Osobiście najbardziej zainteresowany jestem zagadnieniem milczenia, jako przyzwolenia na coś. Wciąż broni się wolności słowa, swobody wypowiedzi, a co z wolnością milczenia. Czy wolno nam milczeć? Zwłaszcza, gdy dostrzegamy jakieś zło. Czy mamy moralne prawo milczeć, kiedy komuś dzieje się krzywda, kiedy spotykamy się z niesprawiedliwością? Albo gdy zajmujemy społecznie taką pozycję, że wręcz oczekuje się od nas i wymaga zabrania głosu w jakimś temacie. Czyż korzystanie z takiej wolności milczenia nie jest ciężarem na sumieniu? A może ze względu na wszechobecne przykłady niedoskonałości świata powinniśmy postawić ogólne pytanie: Czy godzi się milczeć?
Niezależnie od odpowiedzi, trzeba przyznać, iż milczenie roztacza wokół siebie pewien nimb. Nie wiem czy tajemniczości, czy wyższości, czy szlachetności i cnoty. Mimo że można milczeć hałasując, to jednak często kojarzymy milczenie z ciszą. A przez to przenosimy na nią przymioty milczenia, tą jego szczególną wartość. Choć złotem jest tylko w przenośni. I kiedy umiera ktoś dla nas ważny, postanawiamy uczcić pamięć o nim minutą ciszy. Ofiarowujemy mu chwilę milczenia.
A jakie były ostatnie słowa wypowiedziane przez konającego Hamleta? No właśnie: „Reszta jest milczeniem”. Aczkolwiek mogło być tak, że wcześniej sam Szekspir użył tych słów, gdy lichwiarz zgłosił się po dług i spytał Williama o brakującą resztę złota.
Kłaniam, Martinus.
Dla mnie milczenie ma w sobie ogromną przestrzeń.
Nie zawsze jest związane z brakiem akcji/reakcji. Wszak milczenie często bywa najbardziej rozpaczliwym krzykiem.
Gdyby uciec się w jeszcze głębszą abstrakcję, możnaby rzec, że milczenie „odbywa się” na zupełnie innym poziomie niż komunikacja werbalna. Wymaga dużo wyższej wrażliwości i uważności.
Można powiedzieć więcej. Czy milczenie może mieć wiele wymiarów, z czego nie wszystkie dostępne dla każdego? Kiedy odnosząc się do pewnej sytuacji spoglądamy na siebie wzajemnie z przyjacielem, nie mówiąc ani słowa i już wiemy, ale nikt poza nami.
Mam również wrażenie, że milczenie może być bardziej dosadną reakcją niż słowa czy gesty.
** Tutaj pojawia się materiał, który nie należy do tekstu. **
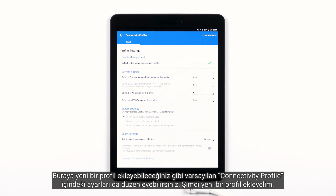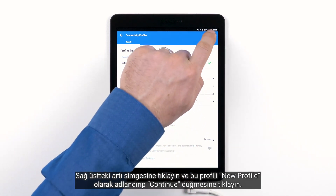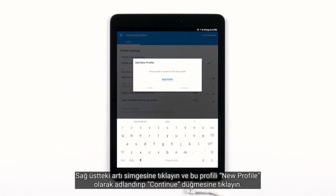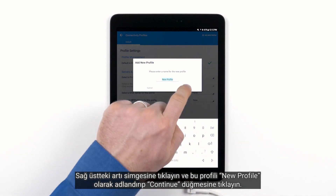Let's add a new profile. Tap the plus icon in the top right, and we'll just name it New Profile. Tap Continue.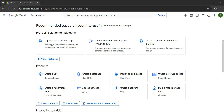Hello everyone, welcome back to my YouTube channel. Today we are diving into another exciting topic: Google Cloud. In today's video we'll explore how to deploy a React app on Google Cloud Storage. If you have been following along, you know we have already covered how to deploy a React app on Azure in our previous videos. Now it's time to step into the world of Google Cloud and see how deployment works here.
Potrafi skutecznie obedrzeć ze strefy komfortu, jaką ludzie budują sobie słowami. A może wręcz odwrotnie, być wyrazem najwyższego komfortu między ludźmi. Jeśli potrafisz z kimś milczeć, najpewniej potrafisz wszystko inne.
Ja mam dość ambiwalentny stosunek do milczenia.
W dzisiejszych czasach social media wszyscy stali się wszechwiedzący z wielką potrzebą, aby całemu światu powiedzieć, co on o czymś sądzi. Nie wiem, czy tak było od zarania dziejów, czy od momentu kiedy powstały tego typu platformy, nieważne.
Wiele osób zabiera głos w kwestiach, o których w ogóle nie ma zielonego pojęcia. Czy to ego czy też potrzeba zaistnienia, nie wiem i nie wnikam, ale wydaje mi się, że nie zawsze trzeba koniecznie do wszystkiego dodawać swoje pięć groszy (i wydać je na coś innego;) ).
A milczenie… hmm. Nie raz, nie dwa usłyszałam: po co o tym mówić, lepiej przemilczeć, zachować dla siebie, wszystko minie i lepiej, żeby coś przełknąć i pogrzebać pod górą milczenia. No właśnie, czy to jest mądre? Nawet psycholodzy są zdania, że nie powinno się dusić / milczeć w ważnych dla nas kwestiach, ale mówić o nich, bo duszone w sobie, schodzą do strefy podświadomości i mogą więcej nabroić niż po prostu wygadanie się, nawet jeżeli poruszona kwestia byłaby najbanalniejsza na świecie.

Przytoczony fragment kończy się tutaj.